Wir haben derzeit die weltweit besten Bedingungen für die Stärkung der erneuerbaren Energien. Siemens Solar in München hat eine zweite Schicht zum Bau von Solarmodulen eingestellt.

(Kaul (CSU): Damit kann man nicht die nötige Grundlast erzeugen!)

Die Firma ASE in Alzenau/Unterfranken – dies müsste Ihnen, Herr Kaul, bekannt sein – richtet eine zweite Produktionslinie ein. Europas größter Windpark ging in Brandenburg ans Netz. Hier wird technisches Innovationspotenzial mit privatem Investitionskapital ausgebaut.
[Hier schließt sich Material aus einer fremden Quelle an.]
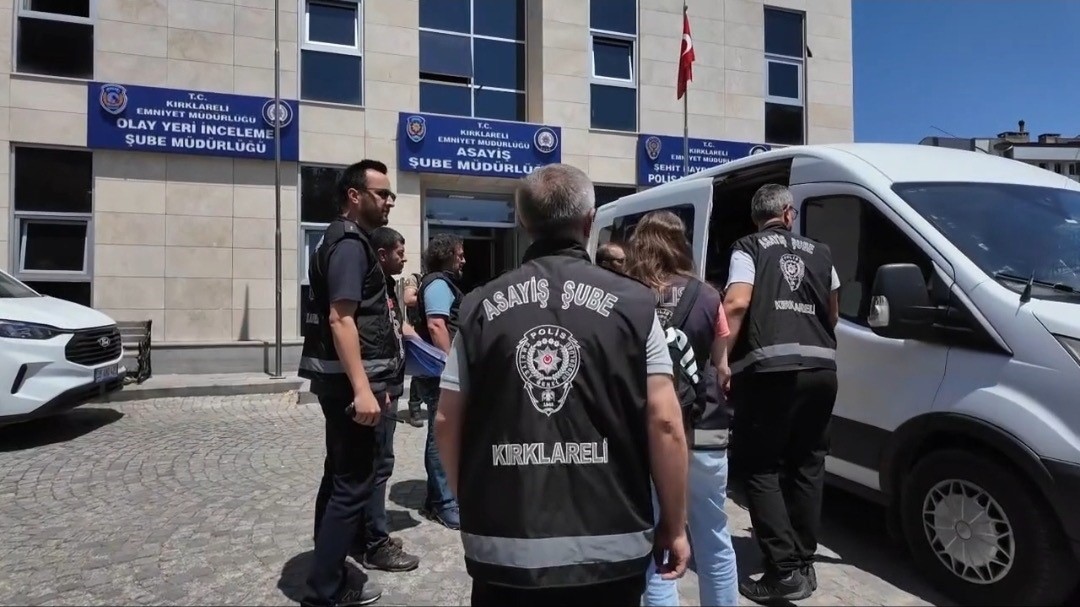 ARAÇLARIN ŞASE NUMARALARINI DEĞİŞTİRİP PİYASAYA SÜREN ÖRGÜTE OPERASYON: 42 GÖZALTI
(Kaul (CSU): Sie sind eine Traumtänzerin!)

Sie wissen, dass die Auftragsbücher des Handwerks und des Mittelstands so voll sind, dass die Darlehenszahlungen aus dem 100000-Dächer-Programm nicht ausgeschöpft werden können, weil die Anlagen nicht vorhanden sind. Das nennen wir Innovation. Das nennen wir Politik für den Mittelstand und das Handwerk.

(Beifall beim BÜNDNIS 90/DIE GRÜNEN)

Herr Kaul, Sie haben die Grundlast angesprochen. Beim Ausbau der effizienten Stromerzeugung durch Kraft

Wärme-Kopplung – KWK – haben wir das zweite Defizit. Bei den Anlagen zur Nutzung von Wärme und Strom mit einem Wirkungsgrad von 70 bis über 90% haben wir ein absolutes Defizit. In Bayern beträgt der Anteil an durch KWK erzeugten Strom etwa 6%; bundesweit liegen wir bei etwa 10%, wenn man die Privaten, die Energieversorger und die Industrie zusammen nimmt. Dänemark und die Niederlande beispielsweise haben 40% KWKAnteil. Das ist effiziente Stromerzeugung für die Grundlast. Finnland hat 35%.

(Kaul (CSU): Aber doch nicht in der Grundlast!)

Die Grundlast kann auch durch die Kraft-Wärme-Kopplung geschaffen werden. Herr Kaul, lassen Sie sich doch irgendwo beraten.

(Kaul (CSU): Jesus, Maria!)

Selbst Frankreich baut seit 1998 auf Drängen der EDF die Kraft-Wärme-Kopplung massiv aus. Dort wurden 1999 2000 Megawatt hinzu gebaut.